Armen Mulkidjanian, a biophysicist at Osnabrück University in Germany, is rethinking the standard story of how life appeared on Earth. Many of his colleagues have assumed life originated in water; he places it on a dry mudflat. And whereas researchers generally regard ultraviolet rays from the sun as a threat to early biochemical reactions, Mulkidjanian argues that those rays gave life an essential jump start.

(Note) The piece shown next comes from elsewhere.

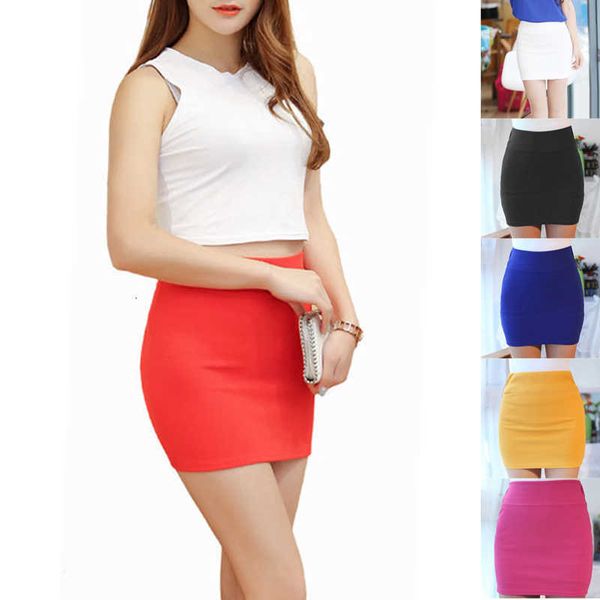 

women mini new fashiom summer high waist female pencil solid color office lady short skirt, Black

Despite his divergent conclusions, Mulkidjanian starts with a standard scenario that simple molecules on the young Earth developed into sugar phosphates and nitrogen bases, which in turn combined to form RNA—the first self-replicating molecule. In a series of computer models, he and his colleagues find that RNA-like molecules withstand harsh ultraviolet exposure better than sugar phosphates alone because attached nitrogen bases protect the molecules from UV damage. Extended RNA chains, known as polymers, are more stable still. The results suggest that ultraviolet rays would have selected for larger, more complex RNA molecules. "People have never been able to explain how the first polymers could build up on the primordial Earth. This work suggests a way out," Mulkidjanian says.
The reactions that piece together long RNA chains do not work well in the presence of water, Mulkidjanian realized. If he is correct, the steps that set the stage for life must have occurred on a parched or semidry landscape. "Once you get something more complex, like the first cell, you need water. Cells need water to survive," he says. Tidal flats might have offered the ideal conditions, alternately soaking and baking organic molecules until life emerged.